=== Problem details ===
Please transcribe the data below in full. Omit any picture you find in it.

(Records excerpted from a collection)
== Segment start ==
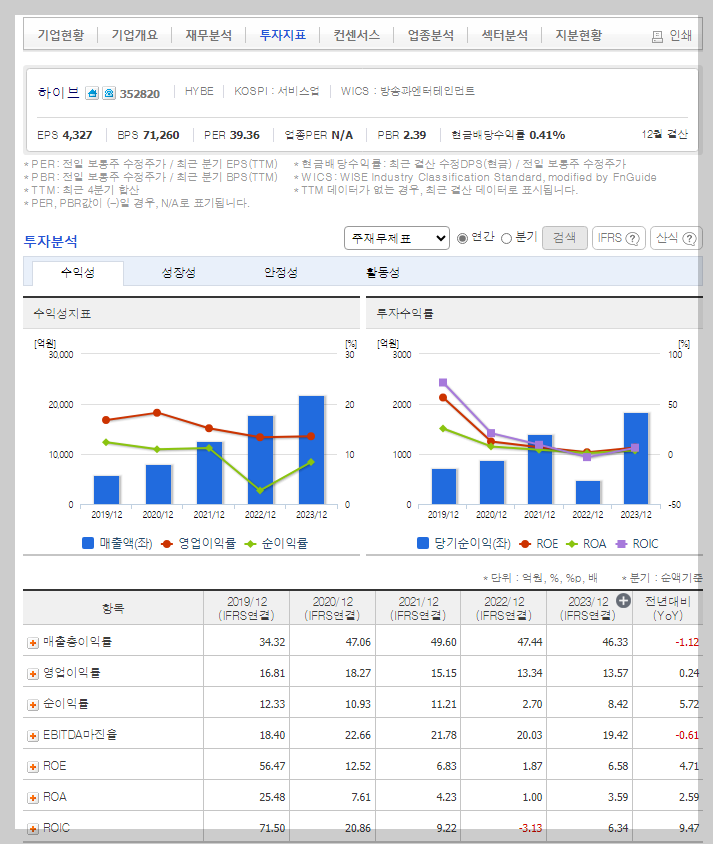 하이브 가치 분석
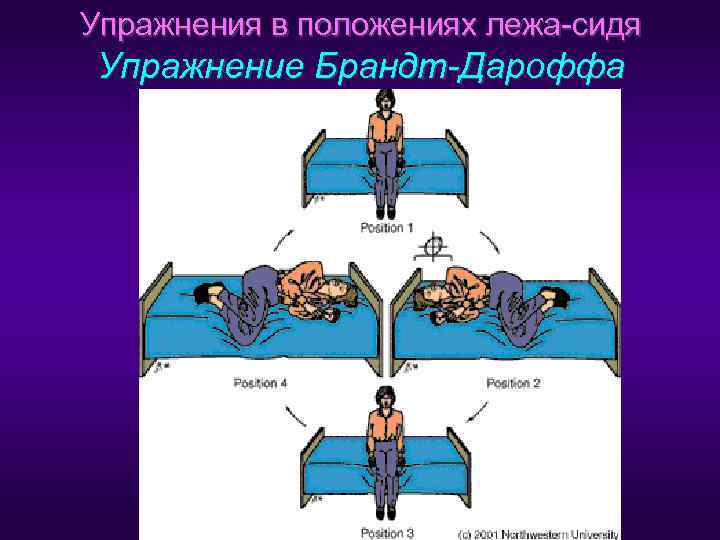 Упражнения в положениях лежа-сидя Упражнение Брандт-Дароффа 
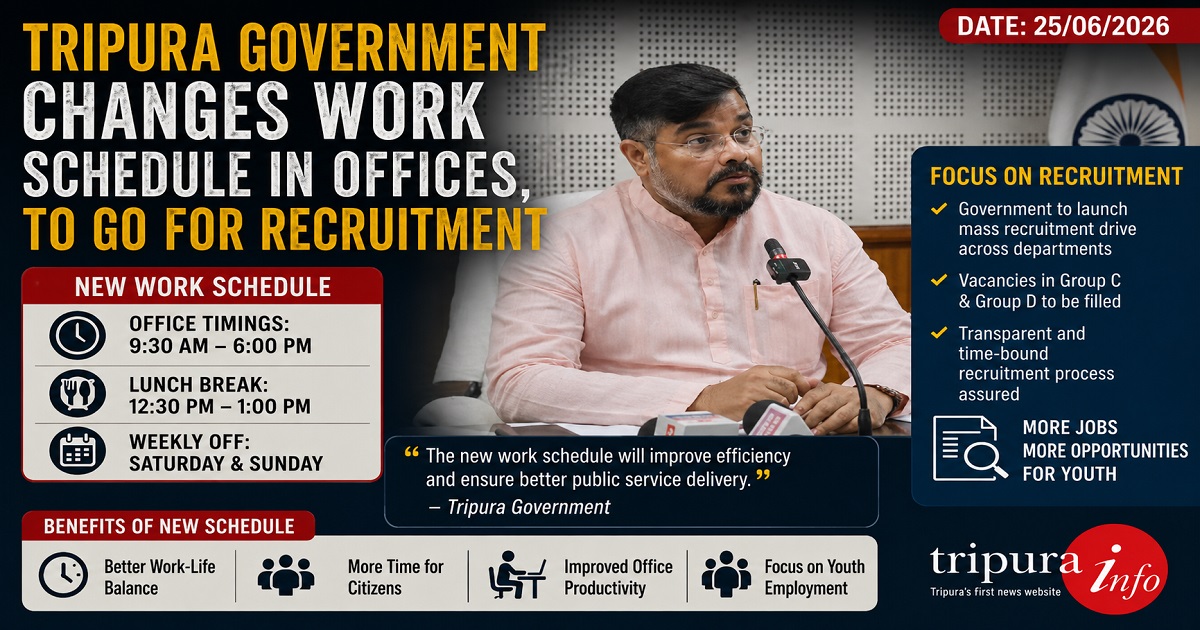 Tripura government changes work schedule in offices, to go for recruitment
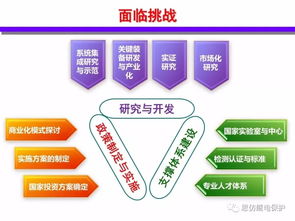 分布式能源智能微网技术 发展现状与未来趋势报告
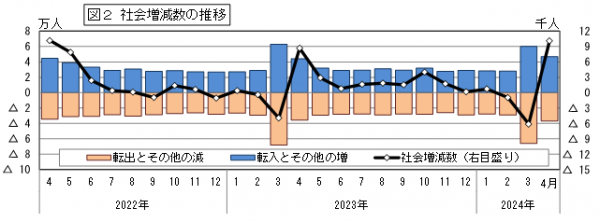 社会増減数の推移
== Segment end ==
=== Solution ===
 하이브 가치 분석
 Упражнения в положениях лежа-сидя Упражнение Брандт-Дароффа 
 Tripura government changes work schedule in offices, to go for recruitment
 分布式能源智能微网技术 发展现状与未来趋势报告
 社会増減数の推移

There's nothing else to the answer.